In 2001, the FTU lower hybrid system came close to delivering its maximum allowable
(~2.4 MW) power. Up to 2.2 MW were injected into the plasma, with a level of 2.0 MW
routinely achieved. During the 2001 experimental campaign it was, therefore, possible
to study both current-drive and internal transport-barrier formation in high-density
scenarios. In fact, collisional ion heating was observed at densities around 10 20 m -3 .
Electron cyclotron resonance heating was used to explore heat transport and was
combined with the injection of lower hybrid waves for synergy studies. Modulated
electron cyclotron heating was also applied for the transport studies, which focussed on
the issue of profile stiffness and the specific role of collisionality. As proposed at the 2001
Frascati workshop (see below) on the FTU programme, a campaign is being planned to
compare FTU results with those of other devices, such as ASDEX-Upgrade and Tore
Supra.
Steady pellet enhanced performance modes were extensively studied. Careful timing
of the pellet sequence allowed a high degree of reproducibility to be achieved for
these high-performance discharges. The experiments gave interesting information
about the role of sawteeth with respect to impurity accumulation. A compromise
seems possible, where the sawteeth are slowed down enough to achieve improved
confinement, but can still prevent impurity accumulation and also produce an
outward pinch that reduces central radiation. Results from preliminary experiments
performed with pellets plus lower hybrid indicated that good radiofrequency
coupling is possible at high field and density.

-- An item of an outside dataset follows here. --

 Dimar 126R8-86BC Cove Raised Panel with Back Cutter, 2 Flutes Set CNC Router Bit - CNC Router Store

Installation of the new boronisation system allowed a significant decrease in
impurity contamination and radiated fraction. Consequently, it was possible to start
studies on the radiative improved mode in the last part of the 2001 campaign.
The new diagnostic for fast x-ray imaging, developed at Frascati, was installed on the
National Spherical Tokamak Experiment. The device is based on a micro-pattern gas
detector with a gas electron multiplier amplifier.

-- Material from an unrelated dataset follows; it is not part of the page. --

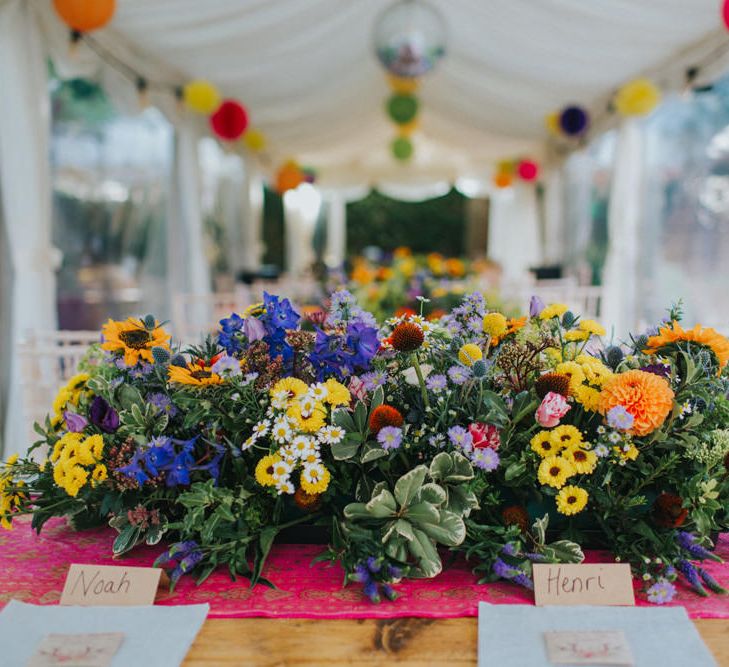 Top Table Wedding Flowers | Bright DIY Back Garden Wedding | Lisa Webb Photography | Bright DIY Back Garden Wedding | Lisa Webb Photography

A workshop was held at Frascati on 22-23 November 2001 to discuss the mediumterm
FTU programme and to increase the participation of European laboratories in
the machine. The workshop was organised in plenary and parallel brainstorming
sessions, with each session chaired by an external participant. Forty people were
from ENEA Frascati and the Consiglio Nazionale di Ricerca Milan and about thirty
came from other labs (European, USA, Japanese and Russian). The discussions
focused on areas where FTU can provide unique results. Several interesting
proposals were made and are presently being considered for implementation.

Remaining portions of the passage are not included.